Article paru le 9 mai dans http://www.courant-d-idees.com
A l'instar des Américains le soldat Ryan, les Suisses doivent sauver l'AVS. Enfin, quand on dit "les Suisses", c'est inexact. C'est aux femmes que sont imposés de nouveaux sacrifices, notamment une année de travail supplémentaire, au nom du bien commun. Car l'histoire bégaie: en 1998 déjà, on les avait convaincues d'accepter le bâton de la 10e revision pour goûter à la carotte de la 11e. Le bâton, c'était la retraite repoussée de 62 à 64 ans. La carotte, ce devait être la possibilité pour tous de prendre une retraite anticipée, la Confédération promettant d'y aller de son aide afin que les petits revenus puissent en bénéficier.
Mais les promesses n'engagent que ceux qui y croient: il n'y aura pas un kopek pour les sans-grade qui devront trimer jusqu'à 65 ans, ou 67, ou..., les nantis pouvant seuls s'offrir de lever le pied avant l'âge officiel de la retraite. Les femmes se sont fait rouler et des centaines de milliers d' hommes avec elles.
Non content de manquer à ses engagements sur ce point, l'Etat fédéral s'en prend aux veuves, privées de rente si elles n'ont pas - ou plus - d'enfants à charge.
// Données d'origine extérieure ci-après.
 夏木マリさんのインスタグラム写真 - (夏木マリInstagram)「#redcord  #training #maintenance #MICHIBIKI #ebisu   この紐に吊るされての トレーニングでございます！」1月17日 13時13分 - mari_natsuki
Au-delà de 45 ans, ce sera une indemnité unique et puis plus rien. En dessous, tintin. "Est-ce trop leur demander que de retrouver un travail?", interroge le délicat Couchepin dans l'hebdomadaire "Coopération". Il aurait pu poser une autre question: "Est-ce trop demander à l'économie que de leur en fournir un?". Bizarrement, c'est un sujet qu'il n'aborde pas volontiers.
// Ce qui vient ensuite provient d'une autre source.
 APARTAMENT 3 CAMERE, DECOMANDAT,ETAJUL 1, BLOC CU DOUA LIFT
D'autres joyeusetés, comme l'indexation triennale, "agrémentent" la 11e revision soumise au peuple le 16 mai. S'ils consentaient à pousser un peu la réflexion, les penseurs fédéraux constateraient pourtant que tout le mal ne vient pas de l'augmentation du nombre de rentiers. A force de pression sur les salaires, voire de licenciements et de réengagements à meilleur marché, l'économie s'applique depuis des années à sabrer dans la masse salariale - au profit des actionnaires mais au détriment des assurances sociales (entre autres). Les journalistes soumis à la convention collective romande en savent quelque chose, eux qui ont perdu jusqu'à mille francs par mois "grâce" à un changement d'échelle. Quand on entend les résultats faramineux d'un certain nombre d'entreprises, quand on voit valser les milliards, on se dit, par exemple, qu'il serait temps de demander des comptes à ceux qui profitent outrageusement de la situation - donc de taxer les bénéfices en faveur de l'AVS. Une poussière de pour-cent pour eux... des millions de francs pour elle.
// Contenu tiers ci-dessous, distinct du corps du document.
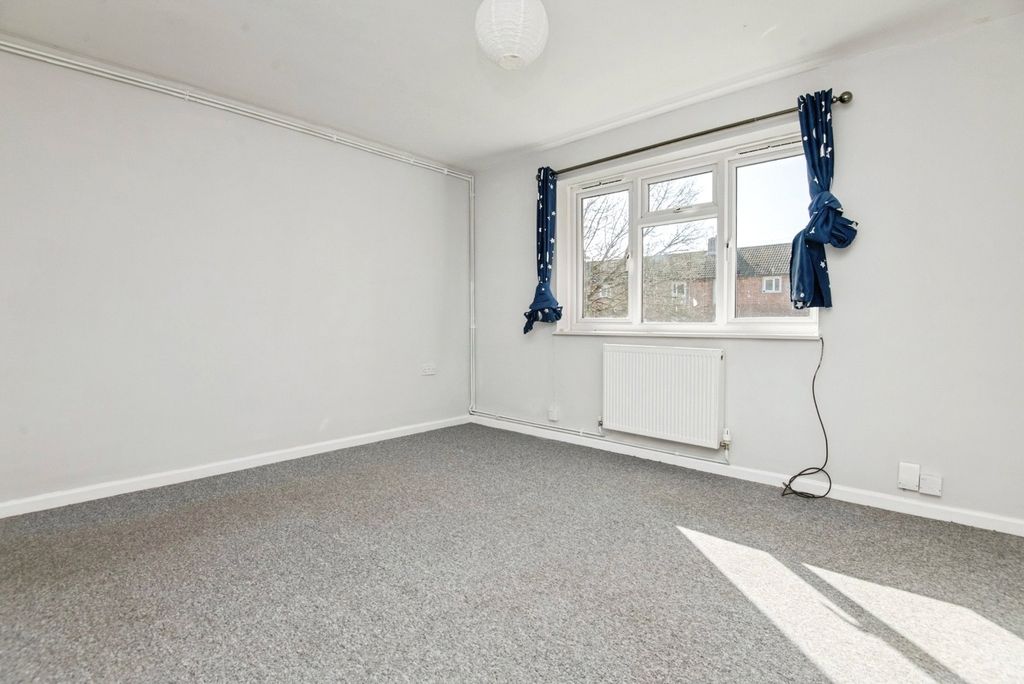 Property photo 2 of 11 Photo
En choisissant de faire payer toujours plus cher leur AVS aux salariés, le Conseil fédéral témoigne d'une incapacité crasse à sortir d'une forme de routine sclérosante. Au lieu d'empoigner calmement un problème qui n'a pas de caractère d'urgence et d'ouvrir un peu son angle de vue, il opte pour la fuite en avant, comme le plus mauvais des gestionnaires.
Finalement, ce ne sont pas les sous qui font défaut à ce pays; c'est l'imagination et le courage.